By Poonam Gandhi

In simple terms, buyback of shares means a situation when the company repurchases its own shares. A company may opt to buy back the shares under any one of the following situations:

* When the quoted price on the stock exchange for the company’s share does not represent the true value of the shares; or

* When the company doesn’t have paths to invest its accumulated funds, and it goes for buyback of shares with a view to return the capital; or

*When the promoters are planning to increase their shareholding in the company.

Let us look at the reason behind introducing the buyback provisions under the income tax laws. A company which has distributable surplus has the following two options:

*Declare dividend; or

* Purchase its own shares (i.e. buyback its shares).

The declared dividend is chargeable to Dividend Distribution Tax, whereas, earlier, the amount distributed as buy-back of shares was chargeable to capital gains. Being treated as capital gains, the income tax was paid at lower rates on buyback of shares.

In order to avoid the tax, unlisted companies started resorting to buyback of shares instead of declaring dividends. As an anti-tax avoidance measure, the government introduced Section 115QA under the Income Tax Act vide the Finance Act, 2013.

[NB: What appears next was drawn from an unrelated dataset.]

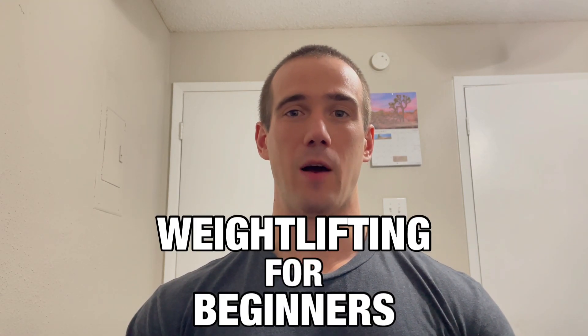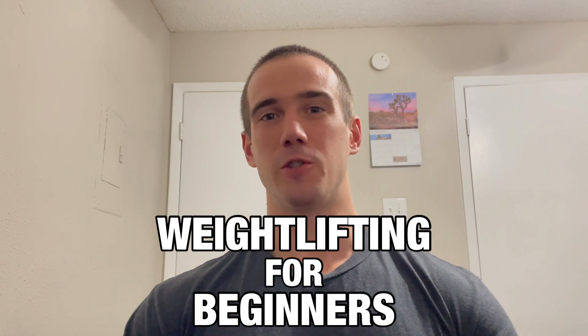What's up guys, today I'm going to talk about weightlifting for beginners and that will include a basic workout routine you can do for yourself as well as how that will progress and then just general tips like how many sets should I be doing, what rep ranges, how much should I rest, how can I recover.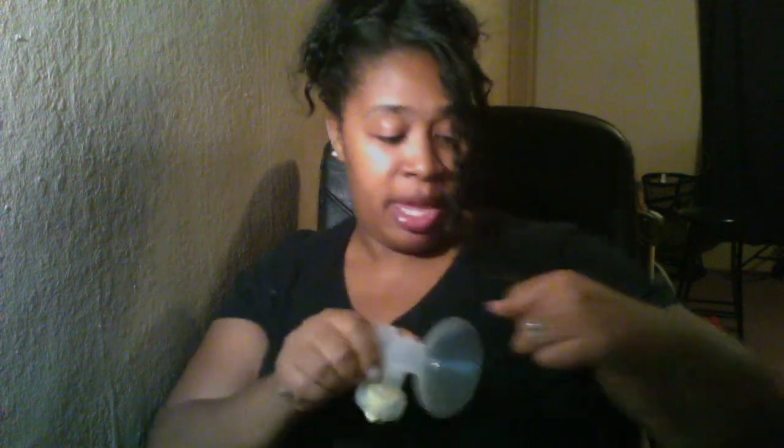You want it to be right underneath your breast. These pieces here adjust — adjust it to where you want it. You'll have it on just like this, right underneath your breast. You would adjust the straps to where you want it. Then you would get your cups for pumping and place them inside of there, just like so.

Provisions of Section 115QA were initially applicable only to unlisted companies. However, vide the Finance (No. 2) Act, 2019, the provisions of Section 115QA were amended and the same is made applicable to the listed companies also. The amended Section 115QA basically aims to bring the tax on dividend and the tax on buyback of shares at par.
The salient features of Section 115QA (along with the recent amendments) are:

The company (both listed and unlisted company) is liable to pay additional income tax on an amount of distributed income on buyback of shares from shareholders. The company is liable to pay tax at 20% plus surcharge at 12% plus applicable cess.

The provision of Section 115QA doesn’t apply when all the below mentioned conditions are satisfied:

* The company is listed on the recognized stock exchange; and

* The company has announced buyback its shares; and

*The public announcement has been made before July 5, 2019; and the public announcement is done in accordance with the provisions of the Securities and Exchange Board of India (Buyback of Securities) Regulations, 2018.

The company and the principal officer of the domestic company is liable to pay tax under Section 115QA. The tax is payable within a period of 14 days from the date of payment of any amount to the shareholders on the buyback of shares.

The tax on distributed income (i.e. buy-back) is payable by the company even if such company is not liable/ required to pay income tax. The tax on distributed income paid/ payable shall be treated as final payment of tax. No further credit shall be claimed either by the company or any other person in respect of the amount of tax so paid. Income charged under Section 115QA shall not be allowed any deduction under any other provisions of the Act either to the company or shareholders.

As an example, suppose XYZ originally issued shares for Rs 10. The shareholder bought the shares at Rs 400. The company XYZ goes for buy-back of shares at Rs 600. In such case, as per Section 115QA, tax is payable on Rs 590 (Rs 600 –Rs 10).

The writer is a chartered accountant.